Transpacific eastbound rates increased this week as more volumes begin to move out of China. Current estimates show China production levels are 60 percent to 75 percent. We’ve seen rates to US west coast ports increase by 20 percent. Carriers are implementing additional blank sailings to US east coast ports in an attempt to push that trade lane to higher rate levels. If volumes continue to increase out of China, we expect rates to climb again by April 1st. Air freight rates have also risen sharply over the last two weeks and are holding strong.

Transatlantic

Coronavirus countermeasures in Europe have impacted supply chains significantly over the course of the last week. Italy, Spain, and France are among the countries on total lockdown. The EU decision to close its borders to travelers has resulted in major cargo delays. Commerce in Germany and Austria has slowed tremendously as activity is limited and many are working from home. After an initial spike in rates due to last week’s US-Europe travel ban announcement, air cargo space has suddenly opened up and rates have dipped. The lack of activity and production in Europe has resulted in a significant drop in demand, at least in the short term.

Domestic 

On the US front, we are still seeing the impacts of equipment shortages, terminal congestion, and sporadic terminal closures caused by the reduction in volume and sailings out of China this quarter. Export rates are on the rise on various trades for both ocean and air. Fortunately, the recently announced border closure between the US and Canada allows for continued cargo movement between the countries.

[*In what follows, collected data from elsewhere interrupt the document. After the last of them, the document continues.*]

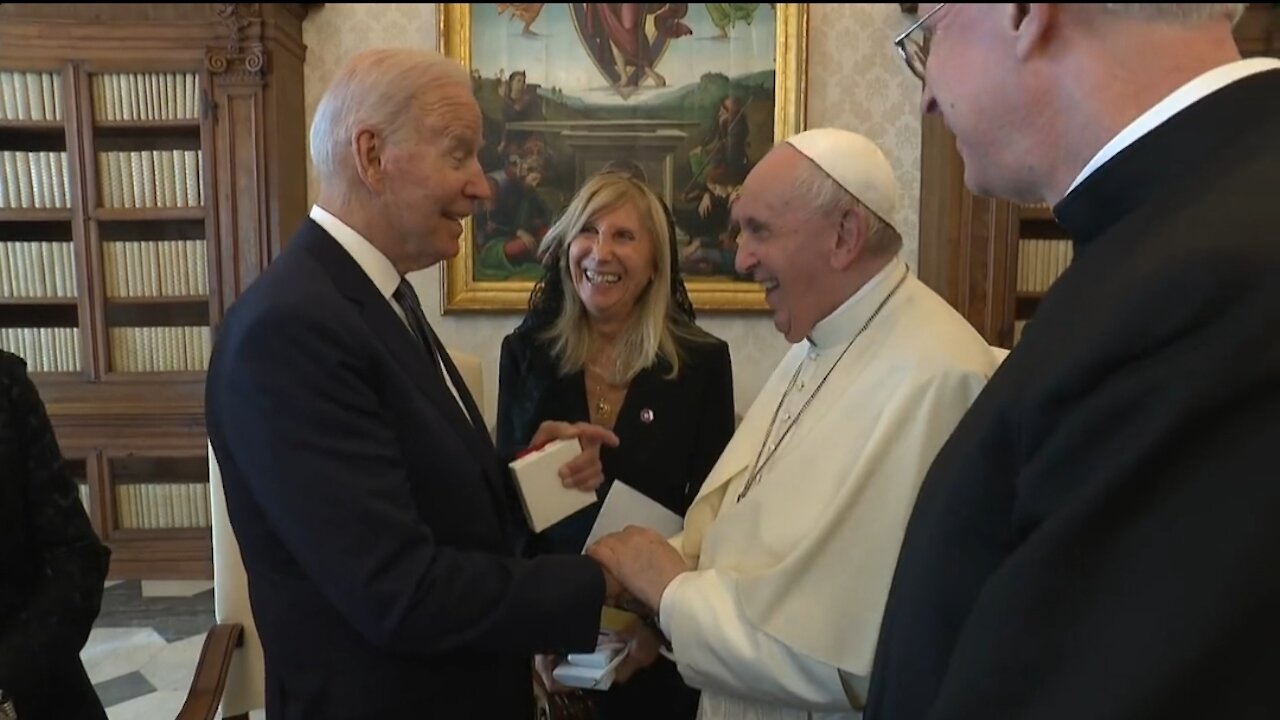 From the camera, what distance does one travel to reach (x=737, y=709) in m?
1.40

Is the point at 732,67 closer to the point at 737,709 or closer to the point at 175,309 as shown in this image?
the point at 175,309

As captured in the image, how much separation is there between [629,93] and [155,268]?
2200 millimetres

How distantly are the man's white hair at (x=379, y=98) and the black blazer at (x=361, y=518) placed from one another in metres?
0.12

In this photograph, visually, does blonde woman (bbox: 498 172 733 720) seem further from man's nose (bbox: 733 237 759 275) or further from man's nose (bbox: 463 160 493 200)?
man's nose (bbox: 463 160 493 200)

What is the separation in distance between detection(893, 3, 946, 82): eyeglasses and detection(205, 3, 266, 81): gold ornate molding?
3.34 m

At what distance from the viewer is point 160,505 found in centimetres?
401

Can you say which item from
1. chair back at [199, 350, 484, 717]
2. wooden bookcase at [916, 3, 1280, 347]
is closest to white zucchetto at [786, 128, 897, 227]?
chair back at [199, 350, 484, 717]

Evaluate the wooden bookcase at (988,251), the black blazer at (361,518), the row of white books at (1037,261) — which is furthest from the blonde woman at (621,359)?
the row of white books at (1037,261)

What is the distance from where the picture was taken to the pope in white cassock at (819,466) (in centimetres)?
127

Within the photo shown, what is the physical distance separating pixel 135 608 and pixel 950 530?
3.85 meters

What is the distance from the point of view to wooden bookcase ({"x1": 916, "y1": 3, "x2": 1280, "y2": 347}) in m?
3.87

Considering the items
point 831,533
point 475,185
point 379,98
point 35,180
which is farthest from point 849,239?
point 35,180

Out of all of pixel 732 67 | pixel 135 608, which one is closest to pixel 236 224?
pixel 135 608

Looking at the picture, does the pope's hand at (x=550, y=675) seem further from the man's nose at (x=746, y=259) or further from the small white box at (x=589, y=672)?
the man's nose at (x=746, y=259) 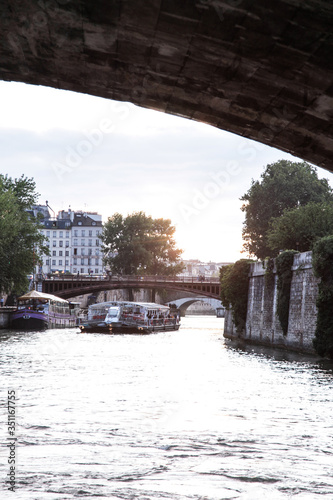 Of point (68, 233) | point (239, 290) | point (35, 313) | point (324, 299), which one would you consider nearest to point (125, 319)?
point (35, 313)

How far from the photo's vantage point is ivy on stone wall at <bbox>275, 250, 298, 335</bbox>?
3525 cm

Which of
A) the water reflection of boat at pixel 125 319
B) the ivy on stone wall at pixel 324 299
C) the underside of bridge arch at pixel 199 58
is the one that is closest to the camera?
the underside of bridge arch at pixel 199 58

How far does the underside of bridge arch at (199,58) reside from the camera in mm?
4246

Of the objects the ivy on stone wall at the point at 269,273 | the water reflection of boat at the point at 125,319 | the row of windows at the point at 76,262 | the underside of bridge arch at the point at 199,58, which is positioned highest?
the row of windows at the point at 76,262

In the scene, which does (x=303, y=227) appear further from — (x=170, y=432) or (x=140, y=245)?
(x=140, y=245)

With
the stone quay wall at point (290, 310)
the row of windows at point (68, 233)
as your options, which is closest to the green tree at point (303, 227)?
the stone quay wall at point (290, 310)

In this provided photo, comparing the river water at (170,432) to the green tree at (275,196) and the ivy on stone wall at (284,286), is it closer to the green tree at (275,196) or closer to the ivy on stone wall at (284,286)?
the ivy on stone wall at (284,286)

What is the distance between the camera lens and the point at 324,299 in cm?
2822

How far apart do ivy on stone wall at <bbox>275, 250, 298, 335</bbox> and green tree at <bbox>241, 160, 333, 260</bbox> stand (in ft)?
109

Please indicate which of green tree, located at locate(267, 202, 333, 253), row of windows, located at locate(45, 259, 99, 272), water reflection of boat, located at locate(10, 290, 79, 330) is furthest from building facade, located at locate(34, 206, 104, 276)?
green tree, located at locate(267, 202, 333, 253)

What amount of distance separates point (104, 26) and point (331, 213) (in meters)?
51.8

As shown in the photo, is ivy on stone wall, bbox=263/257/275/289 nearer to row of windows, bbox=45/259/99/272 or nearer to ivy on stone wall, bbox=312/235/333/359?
ivy on stone wall, bbox=312/235/333/359

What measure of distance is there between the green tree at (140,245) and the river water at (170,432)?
78.5 m

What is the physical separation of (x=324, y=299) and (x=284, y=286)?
301 inches
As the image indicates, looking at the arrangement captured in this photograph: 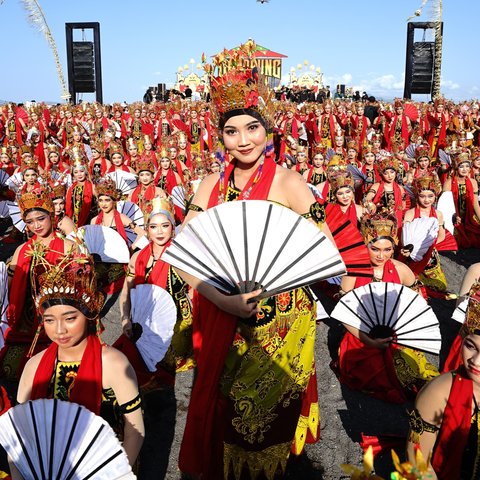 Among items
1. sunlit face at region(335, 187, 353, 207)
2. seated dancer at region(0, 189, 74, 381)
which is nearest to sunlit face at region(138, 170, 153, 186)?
sunlit face at region(335, 187, 353, 207)

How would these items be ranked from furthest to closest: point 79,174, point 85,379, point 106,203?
point 79,174 → point 106,203 → point 85,379

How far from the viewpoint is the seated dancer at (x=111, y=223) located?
21.1 ft

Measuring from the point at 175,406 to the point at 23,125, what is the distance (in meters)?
15.0

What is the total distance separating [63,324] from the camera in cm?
245

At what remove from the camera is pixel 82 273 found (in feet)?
8.23

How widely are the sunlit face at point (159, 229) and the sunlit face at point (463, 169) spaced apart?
18.1 feet

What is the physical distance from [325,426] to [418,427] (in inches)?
63.3

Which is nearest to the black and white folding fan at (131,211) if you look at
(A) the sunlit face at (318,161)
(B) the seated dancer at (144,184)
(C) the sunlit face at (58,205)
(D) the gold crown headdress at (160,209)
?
(B) the seated dancer at (144,184)

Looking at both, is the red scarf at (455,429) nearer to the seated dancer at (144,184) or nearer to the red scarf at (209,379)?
the red scarf at (209,379)

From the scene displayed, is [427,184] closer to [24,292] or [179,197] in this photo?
[179,197]

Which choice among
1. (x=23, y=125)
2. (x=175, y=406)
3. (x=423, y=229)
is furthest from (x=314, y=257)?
(x=23, y=125)

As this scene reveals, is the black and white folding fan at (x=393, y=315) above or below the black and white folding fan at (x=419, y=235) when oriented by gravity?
below

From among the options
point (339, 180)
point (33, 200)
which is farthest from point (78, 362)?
point (339, 180)

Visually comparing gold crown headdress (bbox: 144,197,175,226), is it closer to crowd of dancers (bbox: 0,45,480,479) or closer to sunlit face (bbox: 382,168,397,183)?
crowd of dancers (bbox: 0,45,480,479) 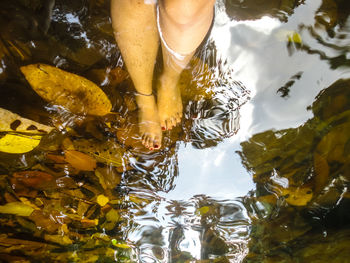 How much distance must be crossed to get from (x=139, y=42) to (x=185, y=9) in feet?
1.17

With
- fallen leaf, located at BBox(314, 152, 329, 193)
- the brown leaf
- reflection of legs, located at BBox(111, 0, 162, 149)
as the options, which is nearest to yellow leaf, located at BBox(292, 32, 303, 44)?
fallen leaf, located at BBox(314, 152, 329, 193)

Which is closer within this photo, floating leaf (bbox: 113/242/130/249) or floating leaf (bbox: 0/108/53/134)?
floating leaf (bbox: 0/108/53/134)

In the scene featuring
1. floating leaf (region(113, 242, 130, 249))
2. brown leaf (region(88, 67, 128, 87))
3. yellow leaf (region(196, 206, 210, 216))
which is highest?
brown leaf (region(88, 67, 128, 87))

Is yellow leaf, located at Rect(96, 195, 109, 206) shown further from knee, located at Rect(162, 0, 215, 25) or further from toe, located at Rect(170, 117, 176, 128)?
knee, located at Rect(162, 0, 215, 25)

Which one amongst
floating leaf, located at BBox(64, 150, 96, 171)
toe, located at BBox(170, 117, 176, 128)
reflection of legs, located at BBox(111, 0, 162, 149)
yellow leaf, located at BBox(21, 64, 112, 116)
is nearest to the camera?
reflection of legs, located at BBox(111, 0, 162, 149)

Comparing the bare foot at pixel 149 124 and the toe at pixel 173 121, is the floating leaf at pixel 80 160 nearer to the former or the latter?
the bare foot at pixel 149 124

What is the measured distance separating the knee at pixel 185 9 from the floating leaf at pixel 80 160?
3.53 ft

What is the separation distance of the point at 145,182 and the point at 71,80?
871mm

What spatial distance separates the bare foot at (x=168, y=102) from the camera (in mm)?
1760

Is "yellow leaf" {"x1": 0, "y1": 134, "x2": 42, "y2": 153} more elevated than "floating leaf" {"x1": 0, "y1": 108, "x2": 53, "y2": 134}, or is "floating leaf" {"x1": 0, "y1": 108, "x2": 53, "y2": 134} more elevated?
"floating leaf" {"x1": 0, "y1": 108, "x2": 53, "y2": 134}

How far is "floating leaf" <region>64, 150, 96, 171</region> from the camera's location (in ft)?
5.67

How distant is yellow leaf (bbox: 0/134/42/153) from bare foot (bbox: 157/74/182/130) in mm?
849

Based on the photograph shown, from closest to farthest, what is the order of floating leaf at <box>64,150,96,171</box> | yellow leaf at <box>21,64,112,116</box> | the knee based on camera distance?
1. the knee
2. yellow leaf at <box>21,64,112,116</box>
3. floating leaf at <box>64,150,96,171</box>

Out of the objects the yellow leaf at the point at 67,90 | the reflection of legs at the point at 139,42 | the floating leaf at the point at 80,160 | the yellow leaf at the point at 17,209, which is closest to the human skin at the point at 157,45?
the reflection of legs at the point at 139,42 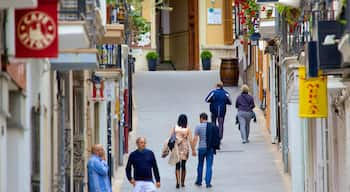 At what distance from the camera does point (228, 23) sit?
2045 inches

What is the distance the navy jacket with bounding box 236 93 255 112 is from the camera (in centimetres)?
3303

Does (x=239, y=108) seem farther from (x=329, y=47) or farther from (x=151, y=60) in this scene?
(x=329, y=47)

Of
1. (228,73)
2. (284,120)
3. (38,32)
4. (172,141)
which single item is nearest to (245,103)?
(284,120)

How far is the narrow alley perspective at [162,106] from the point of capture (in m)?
14.5

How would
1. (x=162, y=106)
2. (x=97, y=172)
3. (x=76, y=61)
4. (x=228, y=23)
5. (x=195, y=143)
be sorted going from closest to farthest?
1. (x=76, y=61)
2. (x=97, y=172)
3. (x=195, y=143)
4. (x=162, y=106)
5. (x=228, y=23)

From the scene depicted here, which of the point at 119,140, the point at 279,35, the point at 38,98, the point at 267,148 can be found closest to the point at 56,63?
the point at 38,98

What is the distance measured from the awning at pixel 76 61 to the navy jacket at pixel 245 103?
15768 millimetres

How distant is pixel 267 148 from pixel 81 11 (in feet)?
56.7

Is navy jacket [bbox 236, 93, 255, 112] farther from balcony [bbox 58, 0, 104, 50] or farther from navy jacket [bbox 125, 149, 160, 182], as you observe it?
balcony [bbox 58, 0, 104, 50]

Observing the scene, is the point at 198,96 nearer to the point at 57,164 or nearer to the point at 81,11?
the point at 57,164

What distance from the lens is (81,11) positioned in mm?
15219

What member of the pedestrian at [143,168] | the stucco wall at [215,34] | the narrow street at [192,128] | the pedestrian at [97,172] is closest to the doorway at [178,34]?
the stucco wall at [215,34]

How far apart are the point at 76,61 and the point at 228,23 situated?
114 feet

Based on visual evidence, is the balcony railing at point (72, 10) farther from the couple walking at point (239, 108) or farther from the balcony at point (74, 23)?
the couple walking at point (239, 108) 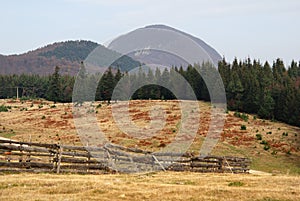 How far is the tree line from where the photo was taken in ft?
270

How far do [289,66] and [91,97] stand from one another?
57977 mm

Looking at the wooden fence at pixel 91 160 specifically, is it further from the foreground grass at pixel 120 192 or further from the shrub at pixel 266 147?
the shrub at pixel 266 147

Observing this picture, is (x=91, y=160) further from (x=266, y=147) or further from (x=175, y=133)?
(x=175, y=133)

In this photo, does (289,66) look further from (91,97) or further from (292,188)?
(292,188)

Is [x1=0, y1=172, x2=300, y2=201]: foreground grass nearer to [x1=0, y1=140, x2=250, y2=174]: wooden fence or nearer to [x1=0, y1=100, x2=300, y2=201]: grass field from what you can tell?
[x1=0, y1=100, x2=300, y2=201]: grass field

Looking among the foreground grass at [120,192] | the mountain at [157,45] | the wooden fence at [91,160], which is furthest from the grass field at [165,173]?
the mountain at [157,45]

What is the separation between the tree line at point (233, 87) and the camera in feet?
270

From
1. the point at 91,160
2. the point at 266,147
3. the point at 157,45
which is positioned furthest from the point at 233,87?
the point at 91,160

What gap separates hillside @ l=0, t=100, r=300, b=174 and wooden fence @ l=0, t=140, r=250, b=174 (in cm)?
1613

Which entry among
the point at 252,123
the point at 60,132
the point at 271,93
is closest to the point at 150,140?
the point at 60,132

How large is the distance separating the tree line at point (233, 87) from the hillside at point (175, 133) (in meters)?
9.09

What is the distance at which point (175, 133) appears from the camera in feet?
199

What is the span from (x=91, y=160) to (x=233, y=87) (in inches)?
2822

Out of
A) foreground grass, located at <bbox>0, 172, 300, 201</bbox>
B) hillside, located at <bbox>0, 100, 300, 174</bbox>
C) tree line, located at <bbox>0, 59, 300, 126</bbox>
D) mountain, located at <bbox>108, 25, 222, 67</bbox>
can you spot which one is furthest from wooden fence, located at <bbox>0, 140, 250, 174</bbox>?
tree line, located at <bbox>0, 59, 300, 126</bbox> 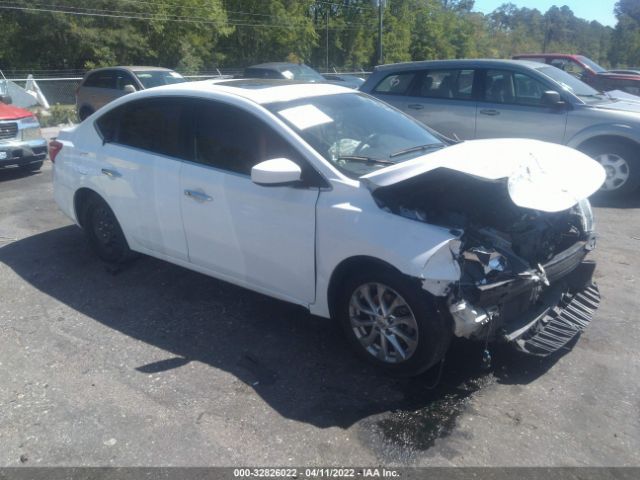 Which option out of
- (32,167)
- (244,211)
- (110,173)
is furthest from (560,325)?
(32,167)

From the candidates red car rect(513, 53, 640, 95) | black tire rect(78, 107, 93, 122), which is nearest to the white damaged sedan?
black tire rect(78, 107, 93, 122)

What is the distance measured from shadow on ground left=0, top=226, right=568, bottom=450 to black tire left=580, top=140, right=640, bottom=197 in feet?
15.8

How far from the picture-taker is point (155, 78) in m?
13.4

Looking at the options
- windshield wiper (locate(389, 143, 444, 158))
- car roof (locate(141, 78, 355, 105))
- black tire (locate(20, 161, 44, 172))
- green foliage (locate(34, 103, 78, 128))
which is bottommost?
green foliage (locate(34, 103, 78, 128))

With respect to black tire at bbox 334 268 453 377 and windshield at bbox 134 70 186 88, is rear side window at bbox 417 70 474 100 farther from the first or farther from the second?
windshield at bbox 134 70 186 88

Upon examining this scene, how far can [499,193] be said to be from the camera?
347 centimetres

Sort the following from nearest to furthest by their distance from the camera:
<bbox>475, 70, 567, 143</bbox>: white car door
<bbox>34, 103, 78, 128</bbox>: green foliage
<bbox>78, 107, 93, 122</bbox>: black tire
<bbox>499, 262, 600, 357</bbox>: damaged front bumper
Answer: <bbox>499, 262, 600, 357</bbox>: damaged front bumper < <bbox>475, 70, 567, 143</bbox>: white car door < <bbox>78, 107, 93, 122</bbox>: black tire < <bbox>34, 103, 78, 128</bbox>: green foliage

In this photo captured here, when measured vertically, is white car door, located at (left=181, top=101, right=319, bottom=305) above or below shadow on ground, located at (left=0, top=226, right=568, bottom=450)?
above

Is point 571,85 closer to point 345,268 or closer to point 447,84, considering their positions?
point 447,84

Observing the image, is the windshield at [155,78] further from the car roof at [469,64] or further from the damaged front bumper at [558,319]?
the damaged front bumper at [558,319]

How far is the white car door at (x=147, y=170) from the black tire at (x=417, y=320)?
1711 millimetres

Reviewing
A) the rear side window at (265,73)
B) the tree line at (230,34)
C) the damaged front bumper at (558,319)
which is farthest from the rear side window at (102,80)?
the tree line at (230,34)

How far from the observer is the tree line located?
28641mm

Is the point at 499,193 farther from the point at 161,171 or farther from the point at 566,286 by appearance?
the point at 161,171
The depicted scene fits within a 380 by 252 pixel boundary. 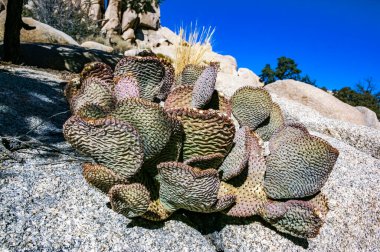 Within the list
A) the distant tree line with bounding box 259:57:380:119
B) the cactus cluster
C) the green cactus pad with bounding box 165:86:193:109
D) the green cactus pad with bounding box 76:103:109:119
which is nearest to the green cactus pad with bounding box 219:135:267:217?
the cactus cluster

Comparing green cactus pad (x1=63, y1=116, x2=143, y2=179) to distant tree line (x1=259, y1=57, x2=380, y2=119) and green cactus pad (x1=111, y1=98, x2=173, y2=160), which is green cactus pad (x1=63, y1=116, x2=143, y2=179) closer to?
green cactus pad (x1=111, y1=98, x2=173, y2=160)

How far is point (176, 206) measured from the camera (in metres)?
1.48

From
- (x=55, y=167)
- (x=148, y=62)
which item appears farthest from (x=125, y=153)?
(x=55, y=167)

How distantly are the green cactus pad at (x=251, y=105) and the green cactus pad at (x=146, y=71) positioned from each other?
0.41 meters

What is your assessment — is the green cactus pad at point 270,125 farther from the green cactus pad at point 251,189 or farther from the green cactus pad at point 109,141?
the green cactus pad at point 109,141

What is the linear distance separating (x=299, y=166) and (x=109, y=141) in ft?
2.70

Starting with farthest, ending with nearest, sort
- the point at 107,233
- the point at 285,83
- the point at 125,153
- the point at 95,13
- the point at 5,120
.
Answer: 1. the point at 95,13
2. the point at 285,83
3. the point at 5,120
4. the point at 107,233
5. the point at 125,153

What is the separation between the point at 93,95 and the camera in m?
1.58

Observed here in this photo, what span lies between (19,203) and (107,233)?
14.9 inches

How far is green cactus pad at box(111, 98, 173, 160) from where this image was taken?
4.28ft

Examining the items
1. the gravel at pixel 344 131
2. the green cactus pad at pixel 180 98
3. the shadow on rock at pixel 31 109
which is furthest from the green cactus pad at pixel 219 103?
the gravel at pixel 344 131

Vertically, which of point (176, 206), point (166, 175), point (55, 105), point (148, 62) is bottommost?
point (55, 105)

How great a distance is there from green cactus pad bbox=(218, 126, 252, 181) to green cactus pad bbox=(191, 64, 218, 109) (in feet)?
0.79

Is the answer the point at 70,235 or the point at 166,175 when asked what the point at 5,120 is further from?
the point at 166,175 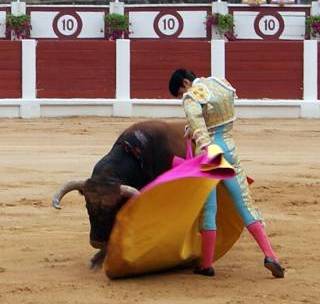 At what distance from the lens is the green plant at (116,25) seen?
13695 mm

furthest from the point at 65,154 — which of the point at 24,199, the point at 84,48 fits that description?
the point at 84,48

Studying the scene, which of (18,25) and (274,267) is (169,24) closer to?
(18,25)

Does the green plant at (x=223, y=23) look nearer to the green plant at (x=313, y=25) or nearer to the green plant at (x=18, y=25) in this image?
the green plant at (x=313, y=25)

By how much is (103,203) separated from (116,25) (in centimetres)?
992

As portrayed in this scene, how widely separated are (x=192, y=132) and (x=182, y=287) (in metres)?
0.66

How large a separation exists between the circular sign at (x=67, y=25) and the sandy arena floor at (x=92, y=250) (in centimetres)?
430

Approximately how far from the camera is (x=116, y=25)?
13.7 metres

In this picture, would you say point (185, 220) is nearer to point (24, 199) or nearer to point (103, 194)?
point (103, 194)

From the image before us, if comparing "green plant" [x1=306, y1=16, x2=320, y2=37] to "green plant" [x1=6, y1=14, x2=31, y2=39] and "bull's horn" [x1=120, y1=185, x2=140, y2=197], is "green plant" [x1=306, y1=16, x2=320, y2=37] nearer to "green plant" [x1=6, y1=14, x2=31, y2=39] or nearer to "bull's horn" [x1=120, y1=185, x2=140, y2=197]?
"green plant" [x1=6, y1=14, x2=31, y2=39]

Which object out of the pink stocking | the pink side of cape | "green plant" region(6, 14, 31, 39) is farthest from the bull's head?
"green plant" region(6, 14, 31, 39)

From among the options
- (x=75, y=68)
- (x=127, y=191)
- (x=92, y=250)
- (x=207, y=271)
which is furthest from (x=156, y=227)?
A: (x=75, y=68)

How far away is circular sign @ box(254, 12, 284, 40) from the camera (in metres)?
13.9

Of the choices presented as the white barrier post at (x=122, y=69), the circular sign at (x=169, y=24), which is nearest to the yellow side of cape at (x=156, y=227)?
the white barrier post at (x=122, y=69)

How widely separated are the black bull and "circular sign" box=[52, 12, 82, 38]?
9.65m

Amid the disruption, fuel prices have been dropping. Carriers are working out the impacts of falling bunker rates, evaluating their current surcharge structures and the shipping market as a whole. Some carriers have announced modest decreases to bunker rates, while others are maintaining their levels for the short term.

Summary

International trade overall is extremely fluid and we expect more changes as countries grapple with the best course of action to slow the pandemic. US guidelines encouraging social distancing and reduced consumption will have a major impact on the economy during the second quarter and beyond.

We encourage our customers and partners to prepare by communicating frequently with the CVI team and providing forecasts when possible. Communication has never been more critical than it is during this period of extreme disruption.

CVI’s global network is fully operational and prepared to expedite cargo as needed. Please reach out to us for assistance navigating the ever-changing landscape of this truly unique environment. We will continue to update you with future developments.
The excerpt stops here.